Winkworth has told its shareholders that its let-only business – private landlords instructing the firm to source tenants without using its full management service – has “shown some decline”.
But it sugars this pill by saying revenue from property management, where typically the firm finds the tenant and provides ongoing management, has increased “in many of our offices.”
The half-year statement also reveals a flow of sales of ‘let only’ rental investments, with up to 10% of the rented-only property portfolio being offered for sale.
But in a nod to the growing red tape making buy to let challenging for many landlords, Winkworth says: “In the short term, some of this rental stock is likely to return to the market as a result of vendors not achieving their anticipated price levels and choosing to relet properties pending a market improvement.
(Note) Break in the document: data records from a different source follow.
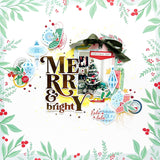Merry & Bright hot foil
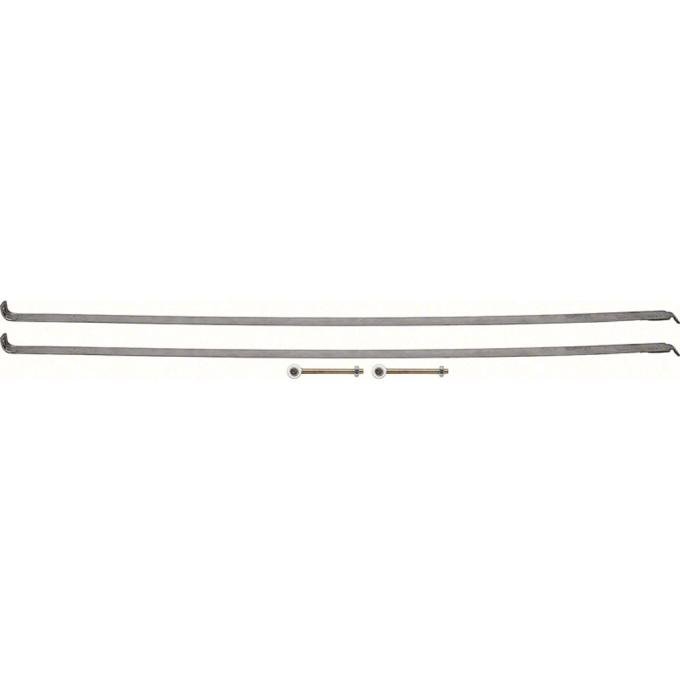 1968-70 Mopar B-Body Fuel Tank Mounting Strap Set, Stainless Steel, with hardware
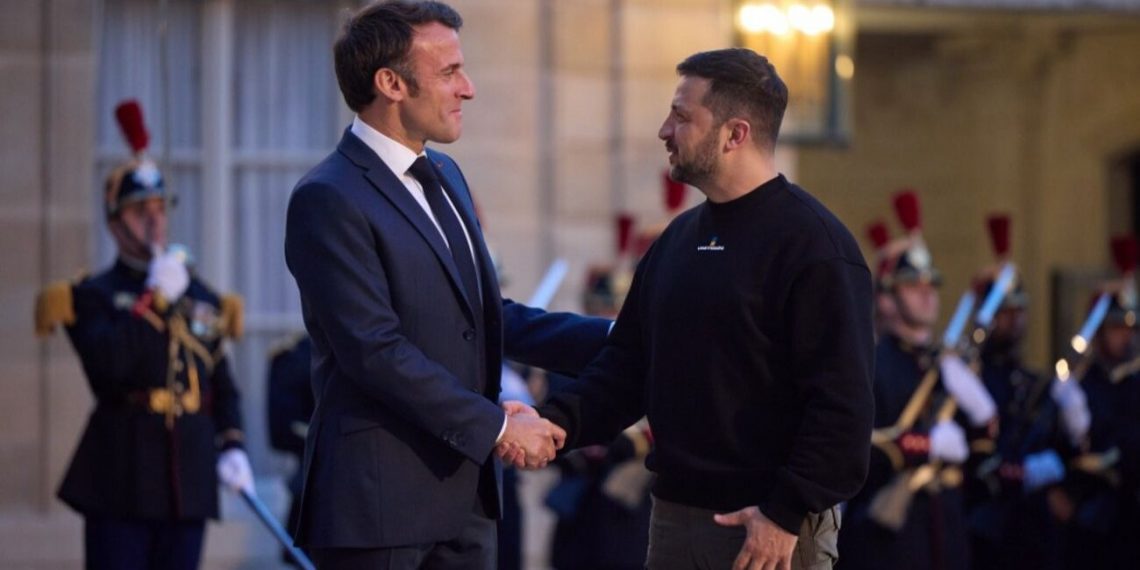 Еммануель Макрон і Володимир Зеленський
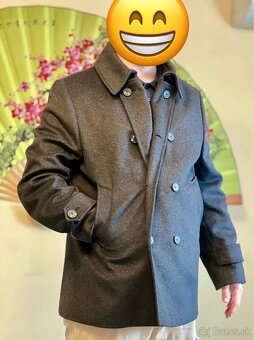Pansky vlneny kabat - L ako novy - 2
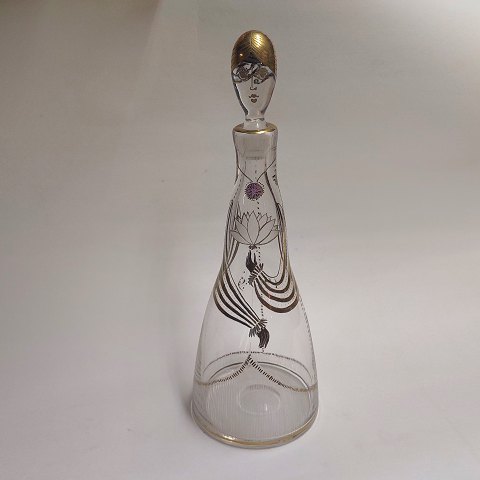 Unique Holmegaard decanter by Ole Winther 1958
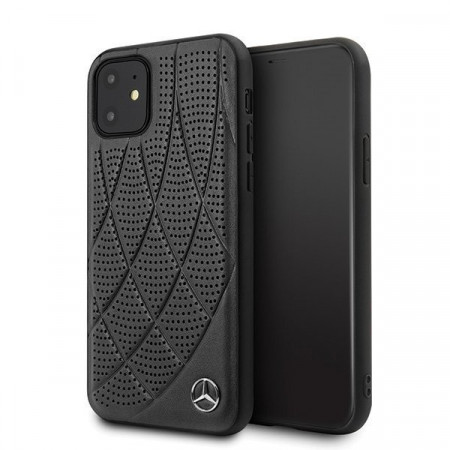 Оригинален твърд гръб MERCEDES Bow MEHCP12SDIQBK - iPhone 12 mini черен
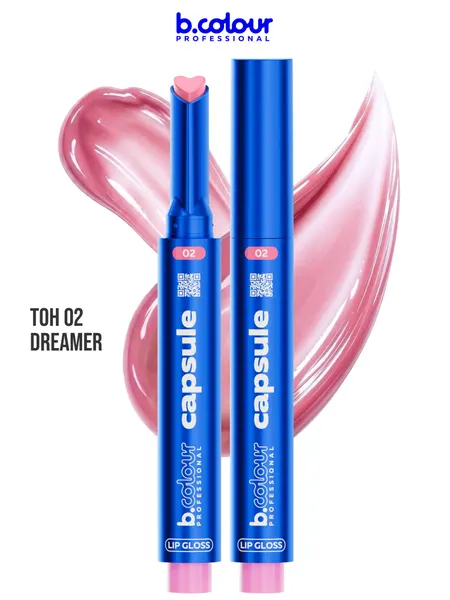 B.COLOUR PROFESSIONAL Блеск для губ бальзам увлажняющий CAPSULE 02 Dreamer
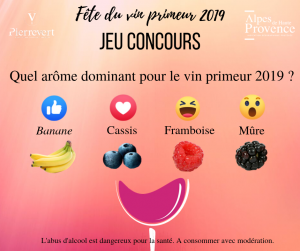 fête du vin primeur 2019 jeu concours facebook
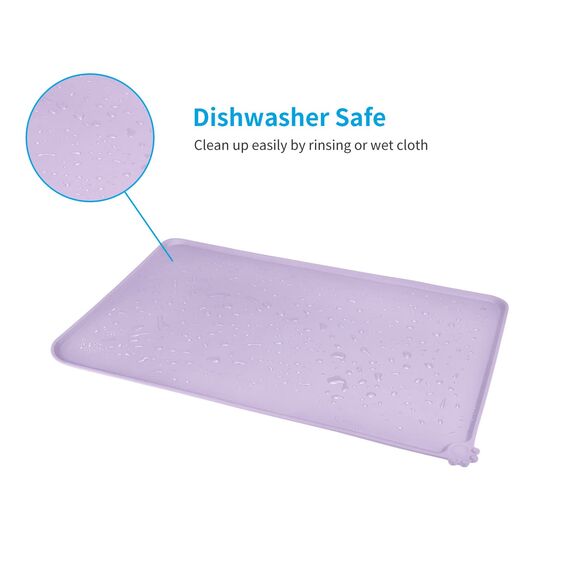 AUDWUD Silikon wasserdicht Hund und Katze Haustier Fütterung Matte,Anti-Rutsch-Tiernapf Matte,Haustier Fütterung Matte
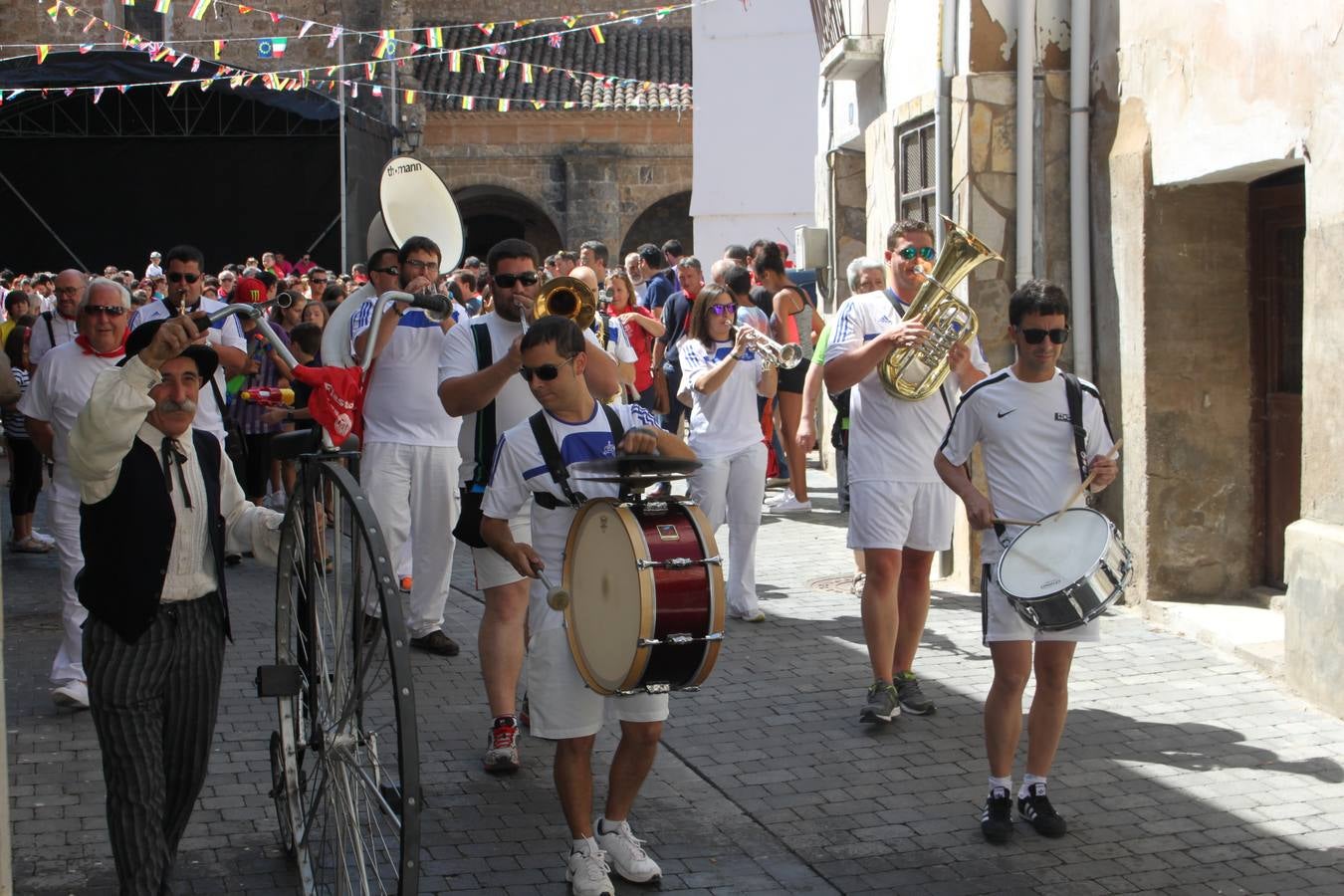 El cohete explota en Arnedillo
There is an identifiable shift, however, away from private landlords towards institutions looking to enter this market through new-build accommodation.”
In the sales side, 2025 has so far seen a high volume of properties for sale, 10% above the average of recent years.
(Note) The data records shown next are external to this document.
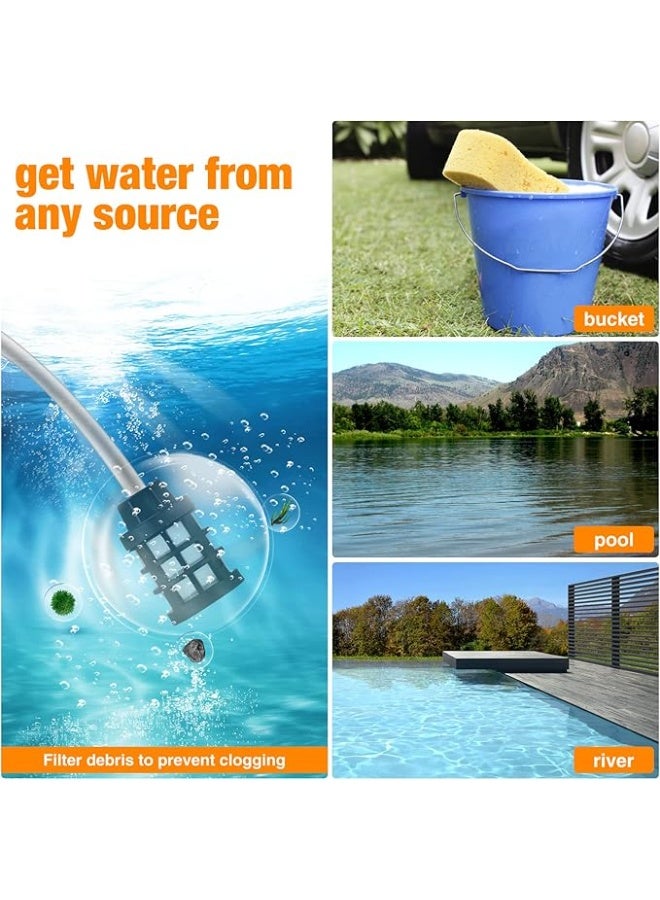 Cordless High-Pressure Power Washer Kit – Portable Handheld Car Washer Gun with 2 Rechargeable Batteries – 5-in-1 Multi-Function Nozzle – Heavy-Duty Cleaning for Cars, Floors, Fences & Garden. - Image 2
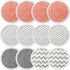 12 Pack Upgraded Replacement Steam Mop Pads or Shark S8201 S7001 S8001 S7201 S7000AMZ S7000 S7005 S7020 S7001C Steam Mop,Steam & Scrub All-in-One Scrubbing and Sanitizing,Dirt Grip Scrub Washable Pad
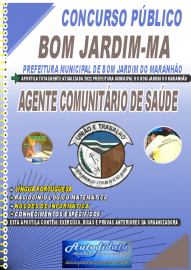 Apostila Impressa Concurso Bom Jardim-MA 2022 Agente Comunitário de Saúde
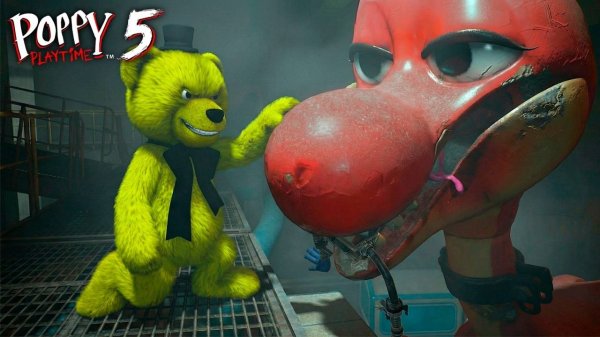 Огромный Динозавр и Новая Железная Рука Poppy Playtime Chapter 5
It says the sharp increase in sales in the first quarter of the year, in advance of the reduction in the stamp duty exemption threshold for first time buyers, was a powerful reminder of how government intervention can influence the market.
But it warns further government action in November’s Budget – such as a rumoured tax on the sale of higher value properties – could create a form of double taxation on owners who have already paid stamp duty on the purchase price, and could hit sales at the top end of the market.
Chief executive Dominic Agace tells shareholders: “We are delighted with our performance in sales in H1 2025 and the solid contribution from lettings, where management fees are making an increasingly important contribution.
“Net cash generated by the business nearly doubled compared to the first half of 2024, and we have continued to invest in our franchisees, while supporting them through new marketing initiatives.
“We have also substantially increased the payout to shareholders. Further activity in our network should result in us finishing the year above our target of opening or reselling eight franchises per year.”